In 1612, King James renewed the charter for the Virginia Company and allowed more self-governance. By 1616, John Rolfe recorded the English population in Virginia as 351 settlers at six different settlements. (Timeline)

James River. Public domain.

 The Virginia Company instituted a “headright” system, giving 50 acres to anyone who paid fare to get there, plus 50 additional acres for each person brought with him. This encouraged more settlement by “gentlemen” and laid the foundation for a plantation economy. (Timeline)

When Governor George Yeardley arrived in 1619, he brought a charter to form a government in which white men with property would be able to choose representatives for a new assembly meeting in Jamestown. (Timeline) In July, the House of Burgesses met for the first time. They passed a law requiring tobacco to be sold for at least three shillings per pound; passed measures against idleness, gambling, and drunkenness; and made church attendance mandatory. In addition, these 22 burgesses, with Gov. Yeardley and his council, decided how much settlers should pay in taxes. (The First Legislative Assembly)

Less than a month later, the first Africans arrived in Jamestown on a ship with a Dutch captain who wanted to sell them. “[T]o the credit of the colonists . . . they were unwilling to purchase the slaves . . . But upon his threat to throw them overboard, as his vessel was short of provisions, the colonists bought them out of pity, and unwittingly founded the system of enforced Negro labor, which in time cost Virginia a fearful price in blood and treasure.” (Wallace)

Also in 1619, as a way to revive the deteriorating settlement in Henrico, it was proposed to build a Protestant college to educate the Indians’ and the planters’ children.

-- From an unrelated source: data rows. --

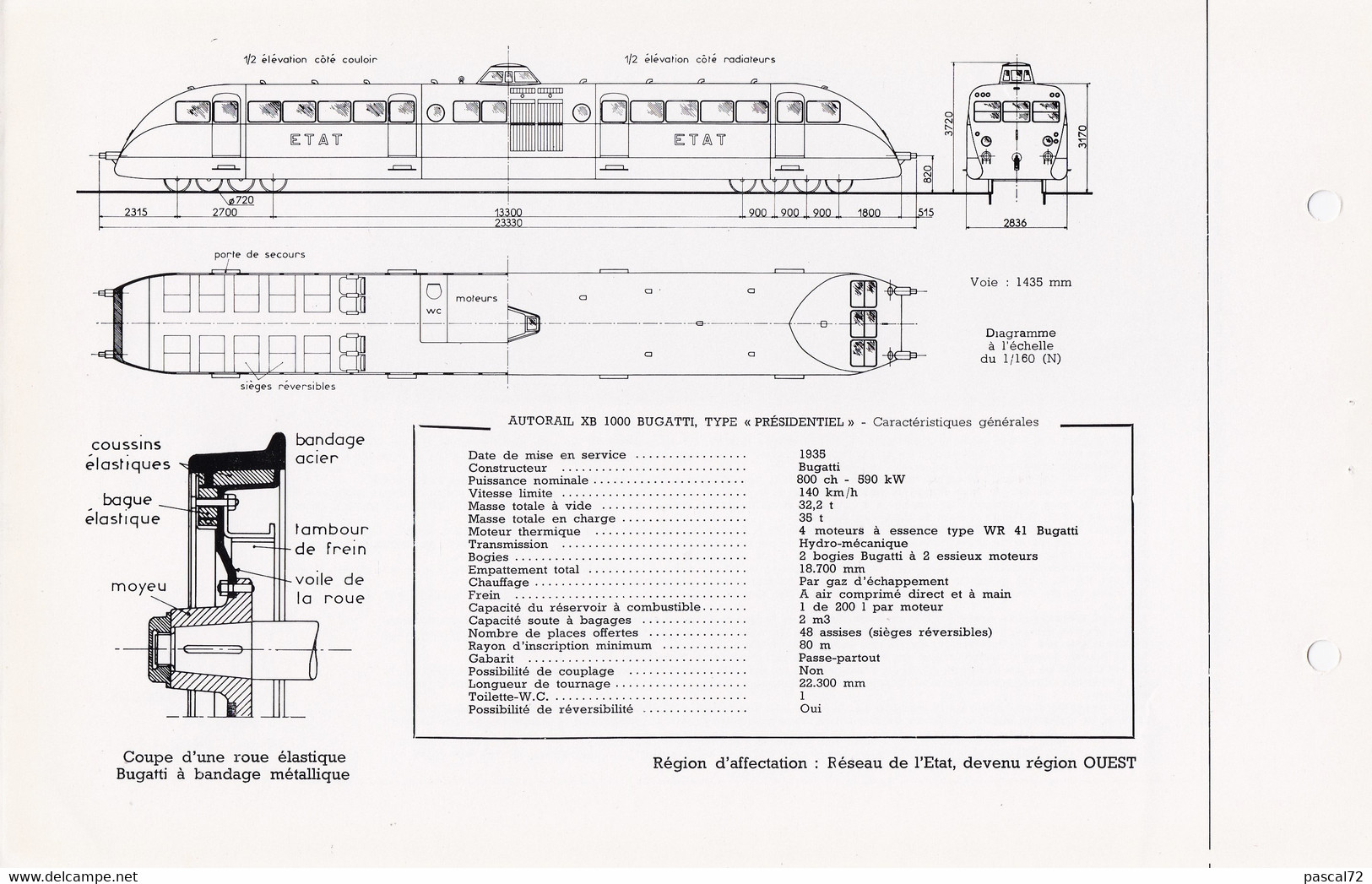 XB 1000 FICHE DOCUMENTAIRE LOCO REVUE N° 236 DECEMBRE 1968 - Francese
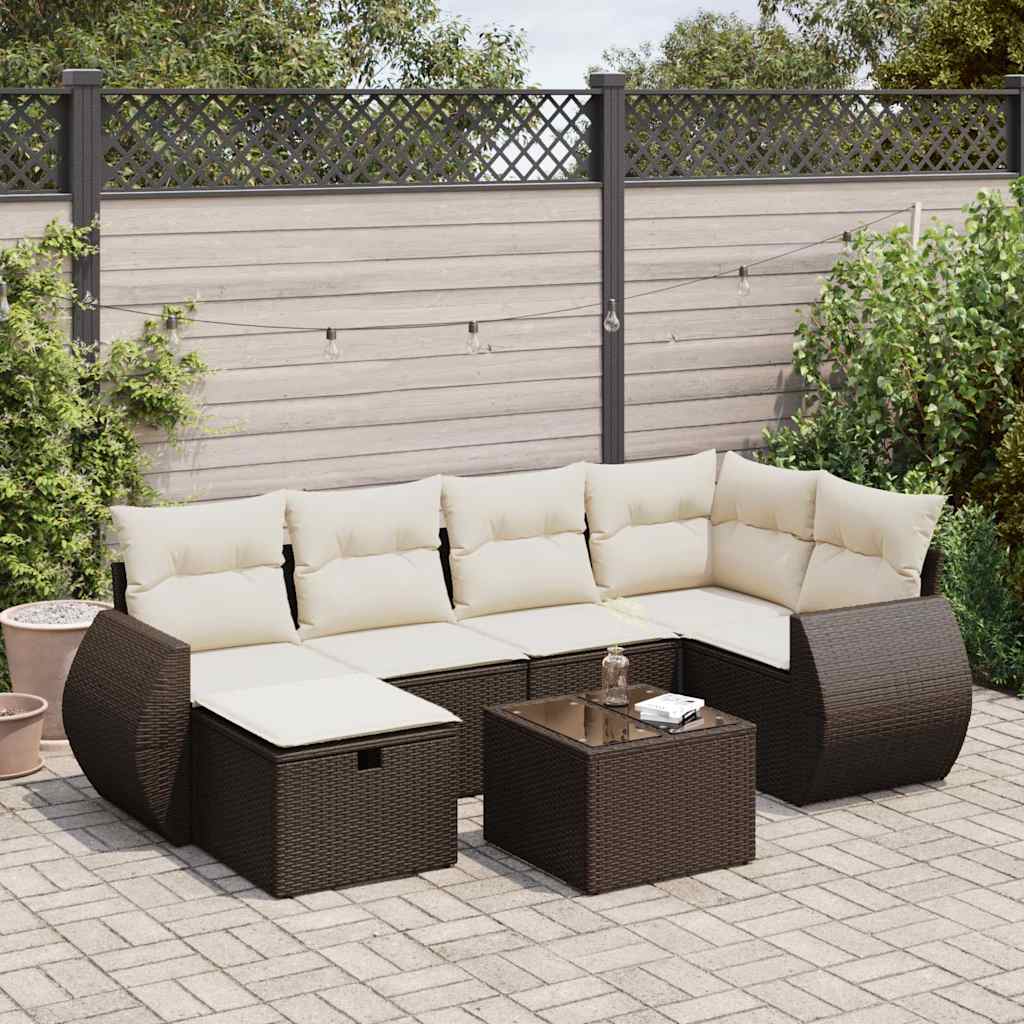 7-delige Loungeset met kussens poly rattan bruin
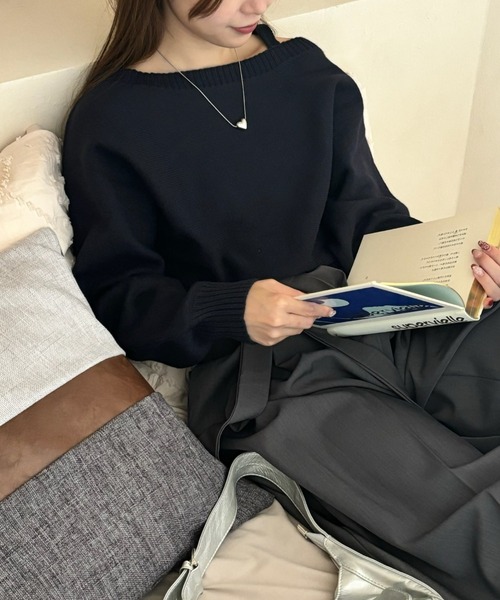 Birthday room（バースデイルーム）の「ワンショルダーニットトップス / one shoulder knit tops（ニット/セーター・レディース・グレー/ネイビー・FREE）」の9枚目の写真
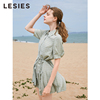 LESIES蓝色倾情夏季女装格子衬衫领百褶系带OL短袖气质连衣裙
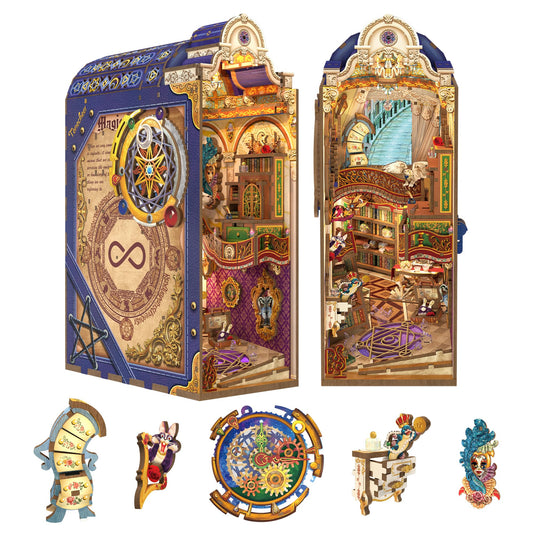 Tonecheer DIY Book Nook Kit for Adults, 3D Wooden Puzzle Bookend Miniature House Kit, Booknook Bookshelf Insert Decor with Dust Cover and LED Lights Gifts (Magical Library)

Ten thousand acres would be set aside for the school near Arrowhattock.  It was to be called “Colledg Land” and 50 “good” people would be sent as tenants who would keep half the profits of their labor and give the other half toward starting the college.  Plans were made to build a common guest house to serve as an inn to house the 50 new settlers.  (Land 469ff

Now back to Christopher and Mary . . .

new life in virginia

Explanatory Note: From John Dorman’s 3-volume Adventurers of Purse and Person, 4th edition, Volume 1A, p. ix:

     CALENDAR: The Julian calendar, according to which 25 March was   reckoned as the first day of the New Year, was in use together with the Gregorian calendar until 1752 when it was abandoned and the 11 days difference between the two calendars was dropped out of the   year. The occurrence of an event between 1 January, the first day of the New Year according to the Gregorian calendar and 25 March, the New Year’s Day of the Julian calendar, is indicated by a diagonal: thus 16 February 1624/25, which shows that the event took place on 16 February 1624 by the Julian but 1625 by the Gregorian.

             * * * * *

We know little about Christopher Branch as he approached adulthood except that he was left money by his paternal grandfather, which he received at age 18. A few years later, on September 2, 1619, he married Mary Addy (Addie) at St. Peter’s, Westcheap, London, with a marriage license from the Bishop of London. The illustration below shows an event in Westcheap, but the church is not shown. The location of the church in Westcheap is shown on this amazing map

Just as “Christmas” was sometimes written “Xmas,” the name “Christopher” was sometimes written “Xtopher.” The marriage record of Xtofer Braunch to Marie Addie can be found in London and Surrey, England, Marriage Bonds and Allegations at Ancestry.com.    

The transcription reads:

secondo Septembris 1619

Which daie appeared Xtofer Braunche gentleman, and a batchelor aged xxii [22] or there abouts and at his own government and disposing his father and mother both being deceased and did allege that he intendeth to marrie with Marie Addie mayden, aged xxiii [23] or there abouts the daughter of Francis Addie of Darton in the countie of Yorke husbandman and then appeared Thomas Addie miller, being brother to ye said Marrie and with whome she nowe lyveth and did testifie the consent of his said father to this intended Marry and the truthe of the promise as before that they know of no lawfull let or impediment by reason of pre contract or otherwise to hinder the same they both made faiethe and prayed licence for them to be married together in the pareshe Churche of St. Peter Westcheap, London.                    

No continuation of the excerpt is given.